About this task: Scan the records below for the string "Silver" and return every line where it appears.

*** Opening Data shown ***

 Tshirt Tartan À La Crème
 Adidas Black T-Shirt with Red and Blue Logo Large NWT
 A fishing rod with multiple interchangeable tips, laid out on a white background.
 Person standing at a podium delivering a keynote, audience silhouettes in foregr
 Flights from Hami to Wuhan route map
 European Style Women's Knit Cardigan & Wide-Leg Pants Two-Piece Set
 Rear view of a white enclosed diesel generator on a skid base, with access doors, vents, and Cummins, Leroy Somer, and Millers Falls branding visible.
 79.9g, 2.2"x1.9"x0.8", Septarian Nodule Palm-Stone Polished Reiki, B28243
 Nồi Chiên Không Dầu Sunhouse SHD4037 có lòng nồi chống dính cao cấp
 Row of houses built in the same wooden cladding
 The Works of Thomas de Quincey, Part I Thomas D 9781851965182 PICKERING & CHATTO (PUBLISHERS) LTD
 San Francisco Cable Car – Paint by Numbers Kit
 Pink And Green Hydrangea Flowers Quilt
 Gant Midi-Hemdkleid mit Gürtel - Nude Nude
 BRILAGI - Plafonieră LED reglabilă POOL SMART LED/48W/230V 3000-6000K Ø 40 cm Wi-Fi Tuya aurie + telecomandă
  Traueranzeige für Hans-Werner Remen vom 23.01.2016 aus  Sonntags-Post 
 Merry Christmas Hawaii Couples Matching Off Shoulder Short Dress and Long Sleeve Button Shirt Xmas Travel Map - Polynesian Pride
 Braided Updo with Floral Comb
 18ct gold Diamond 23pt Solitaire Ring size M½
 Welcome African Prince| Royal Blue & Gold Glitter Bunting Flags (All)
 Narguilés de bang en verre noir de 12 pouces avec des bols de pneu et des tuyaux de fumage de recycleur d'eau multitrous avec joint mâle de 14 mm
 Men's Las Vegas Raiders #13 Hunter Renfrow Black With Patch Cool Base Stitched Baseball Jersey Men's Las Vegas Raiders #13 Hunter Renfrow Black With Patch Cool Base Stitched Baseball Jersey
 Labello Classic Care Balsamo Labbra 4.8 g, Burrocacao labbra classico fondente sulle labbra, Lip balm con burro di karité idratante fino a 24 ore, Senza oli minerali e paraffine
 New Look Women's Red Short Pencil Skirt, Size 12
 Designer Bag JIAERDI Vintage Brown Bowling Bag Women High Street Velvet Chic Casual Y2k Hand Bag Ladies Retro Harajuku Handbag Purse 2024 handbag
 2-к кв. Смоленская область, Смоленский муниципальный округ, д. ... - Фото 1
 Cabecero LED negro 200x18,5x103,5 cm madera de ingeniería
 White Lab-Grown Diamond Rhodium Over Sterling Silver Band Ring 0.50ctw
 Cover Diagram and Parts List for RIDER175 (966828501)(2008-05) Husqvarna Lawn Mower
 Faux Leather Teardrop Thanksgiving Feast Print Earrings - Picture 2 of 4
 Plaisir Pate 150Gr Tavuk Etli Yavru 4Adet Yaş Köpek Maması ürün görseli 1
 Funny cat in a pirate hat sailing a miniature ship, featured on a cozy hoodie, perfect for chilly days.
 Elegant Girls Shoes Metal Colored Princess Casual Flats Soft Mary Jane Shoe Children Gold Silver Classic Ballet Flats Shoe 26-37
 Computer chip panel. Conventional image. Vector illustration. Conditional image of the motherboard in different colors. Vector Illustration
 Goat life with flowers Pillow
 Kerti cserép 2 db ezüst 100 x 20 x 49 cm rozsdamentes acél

*** Closing Data shown ***

Solution for this exercise:
 White Lab-Grown Diamond Rhodium Over Sterling Silver Band Ring 0.50ctw
 Elegant Girls Shoes Metal Colored Princess Casual Flats Soft Mary Jane Shoe Children Gold Silver Classic Ballet Flats Shoe 26-37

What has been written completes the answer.